Short descriptive text snippets:
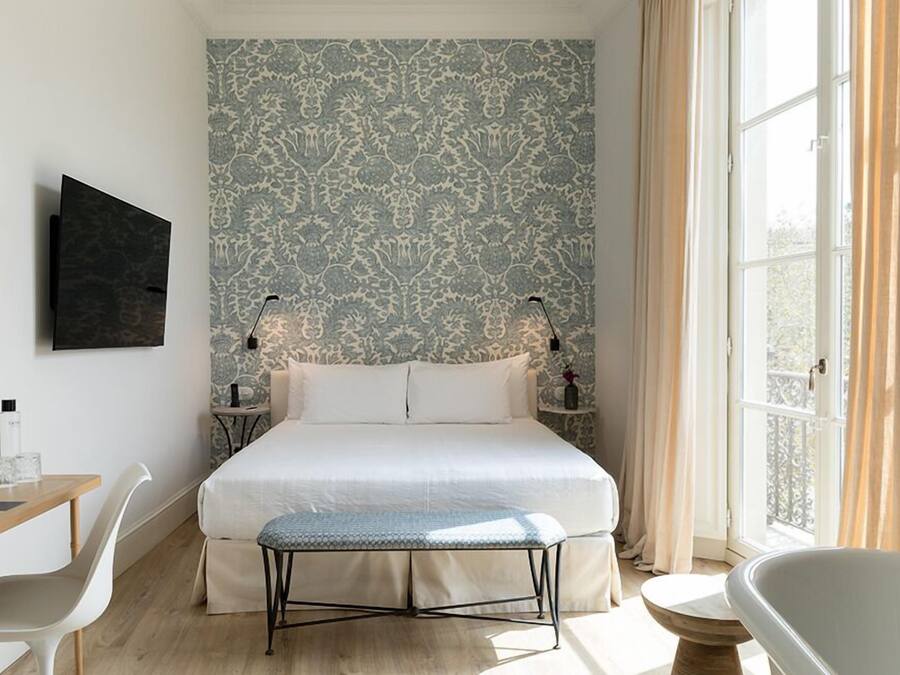 Un dormitorio con una cama grande, mesitas de noche, un escritorio, una silla, un banco, una bañera y una ventana con cortinas.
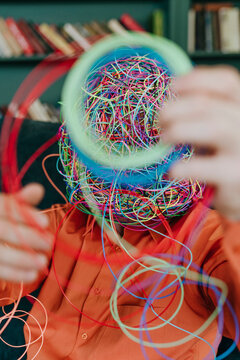 Man with mask of chaotic thoughts holding tangled strings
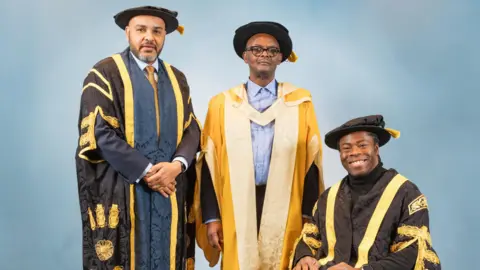 Birmingham City University Dr Vanley Burke, dressed in a gold graduation gown stood in the middle of two men. One is standing and one is sitting in a wheelchair.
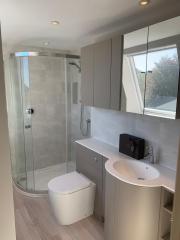 Grey bathroom units - bathroom refurbishment by Thomson Properties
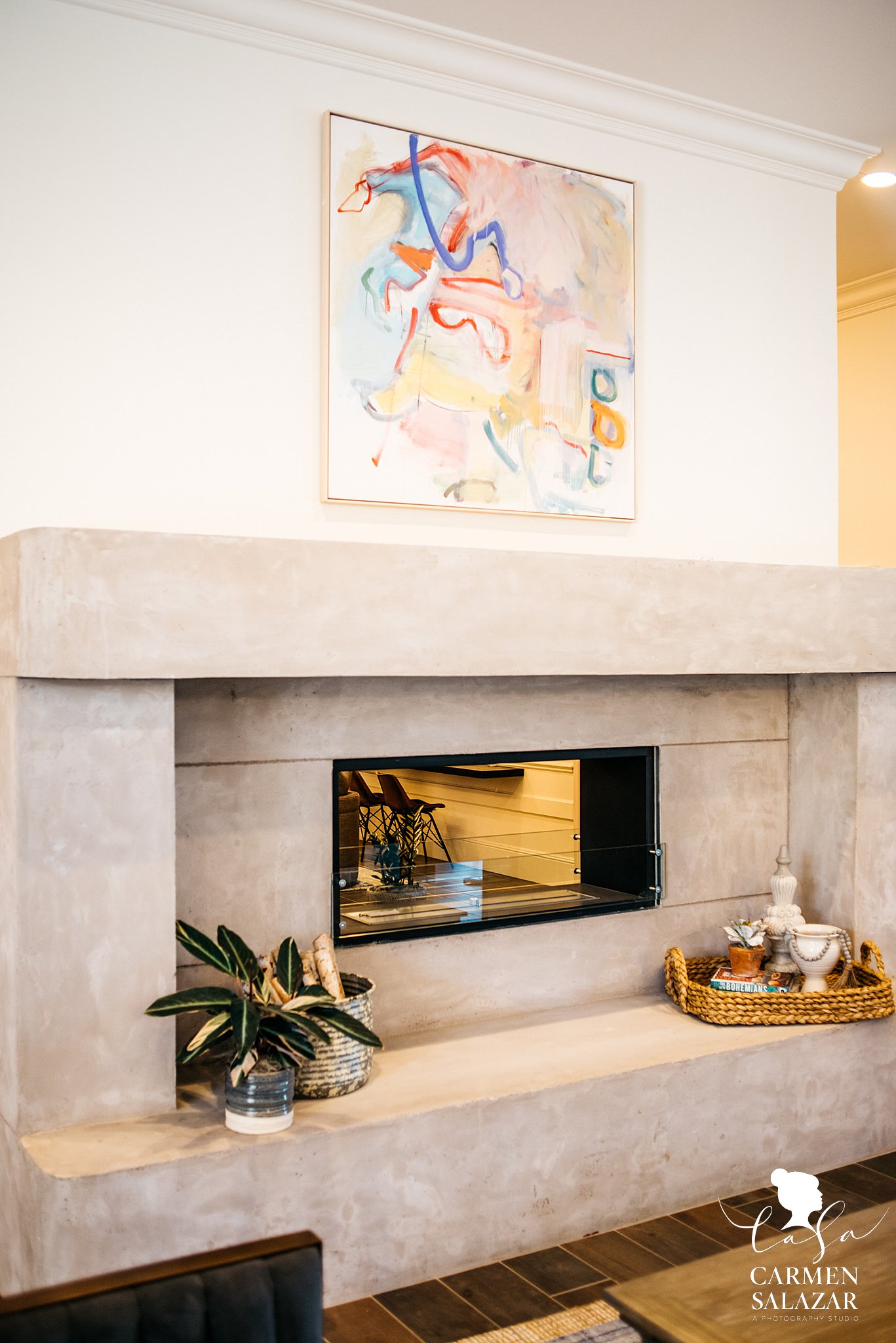 Modern fireplace with expressionist art above mental 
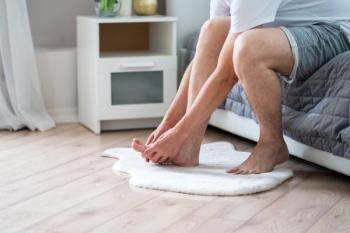 Foot pain, man suffering from feet ache in home interior - Image credit: staras | stock.adobe.com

Directions for this task> For this exercise, transcribe exactly the part of the records above that opens with the line containing "Birmingham City University" and closes with the one containing "Modern fireplace with". Pictures are not part of the copy.

Written reply>
 Birmingham City University Dr Vanley Burke, dressed in a gold graduation gown stood in the middle of two men. One is standing and one is sitting in a wheelchair.
 Grey bathroom units - bathroom refurbishment by Thomson Properties
 Modern fireplace with expressionist art above mental 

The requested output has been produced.